● Exercise instructions: Every line of the data below must be output exactly, with images left out.

(Dataset entries)
__________________________________________________

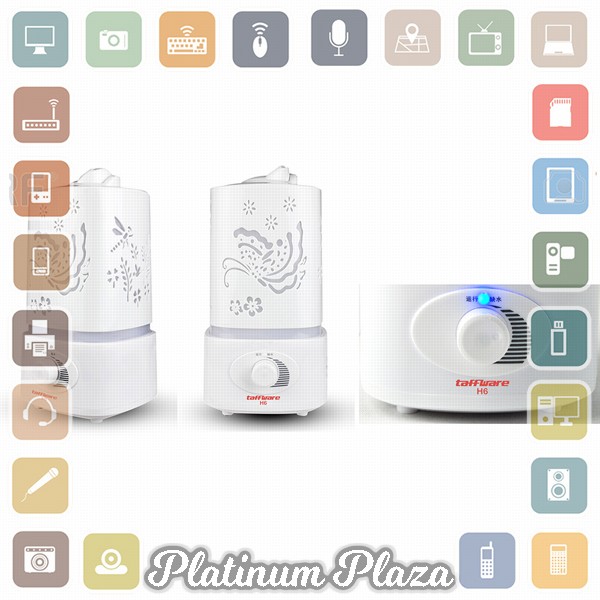 Taffware Air Humidifier Aromatherapy Oil Diffuser 7 Color Light 1500ml - HUMI H6 - White`QVTWJS-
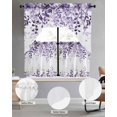 thumbnail image 2 of Purple Swag Kitchen Curtains Sets for Windows 24 Inch Length, Eucalyptus Leaves Short Window Curtain Panels Swags Valances and Tiers 3 Piece Set for Cafe/Dining Room, 2 of 5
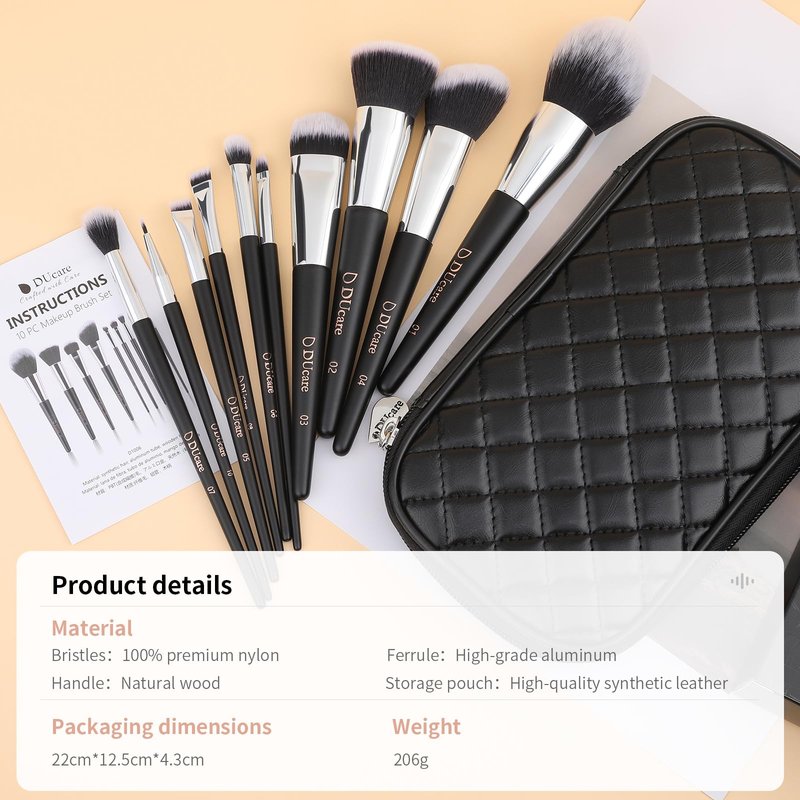 DUcare Travel Makeup Brushes with Bag 10Pcs Makeup Brush set Premium Synthetic Kabuki Foundation Blending Brush Face Powder Blush Concealers Eye Shadows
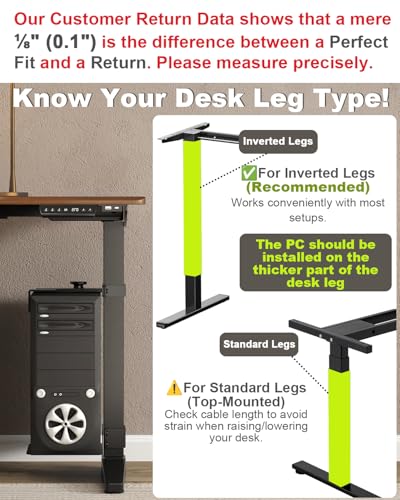 Under Desk PC Mount - No Drilling Heavy Duty 40lbs Capacity, Adjustable Height and Width Clamp-on Desk Leg PC Mount for Standing Desks (Fits 75mm×45mm Legs only), with Non-Slip Pads, Black CoJewe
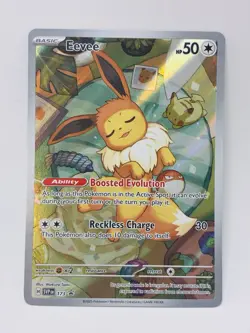 Pokemon Eevee 173 Scarlet & Violet Promo Holo Boosted Evolution Reckless Charge - Image 1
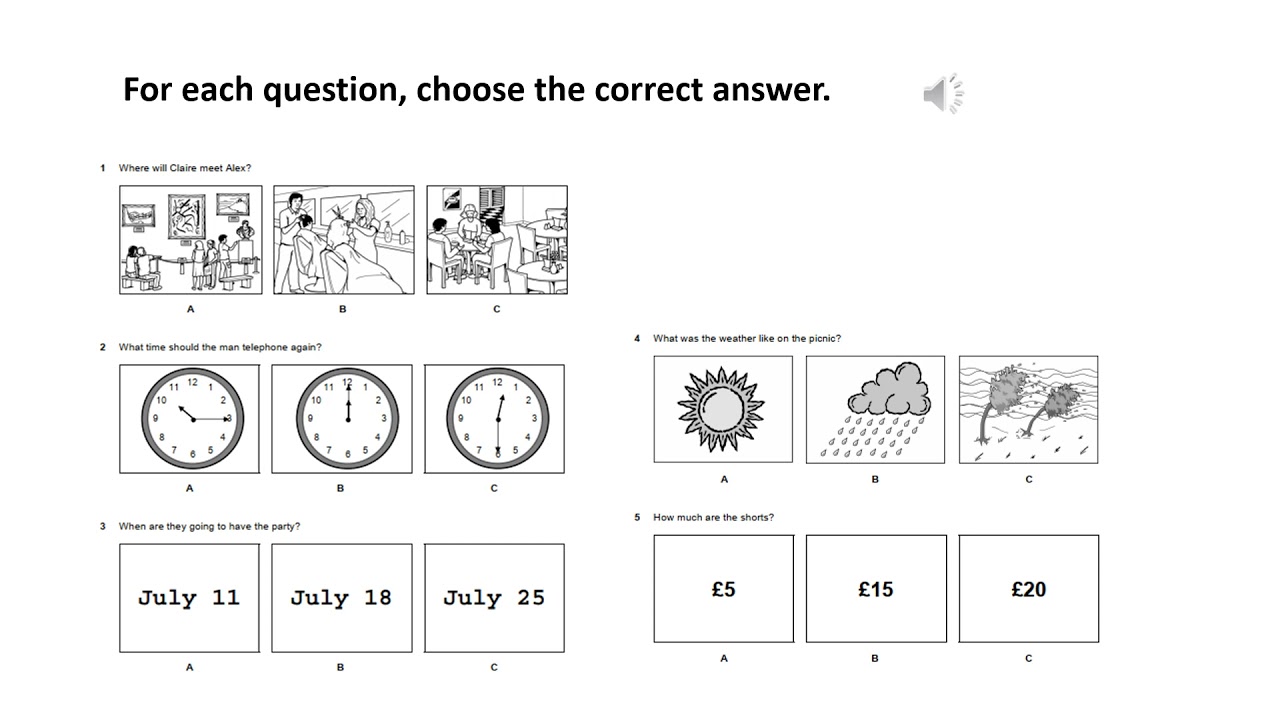 KET: sample test, listening part 01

__________________________________________________

● Solution to this problem:
 Taffware Air Humidifier Aromatherapy Oil Diffuser 7 Color Light 1500ml - HUMI H6 - White`QVTWJS-
 thumbnail image 2 of Purple Swag Kitchen Curtains Sets for Windows 24 Inch Length, Eucalyptus Leaves Short Window Curtain Panels Swags Valances and Tiers 3 Piece Set for Cafe/Dining Room, 2 of 5
 DUcare Travel Makeup Brushes with Bag 10Pcs Makeup Brush set Premium Synthetic Kabuki Foundation Blending Brush Face Powder Blush Concealers Eye Shadows
 Under Desk PC Mount - No Drilling Heavy Duty 40lbs Capacity, Adjustable Height and Width Clamp-on Desk Leg PC Mount for Standing Desks (Fits 75mm×45mm Legs only), with Non-Slip Pads, Black CoJewe
 Pokemon Eevee 173 Scarlet & Violet Promo Holo Boosted Evolution Reckless Charge - Image 1
 KET: sample test, listening part 01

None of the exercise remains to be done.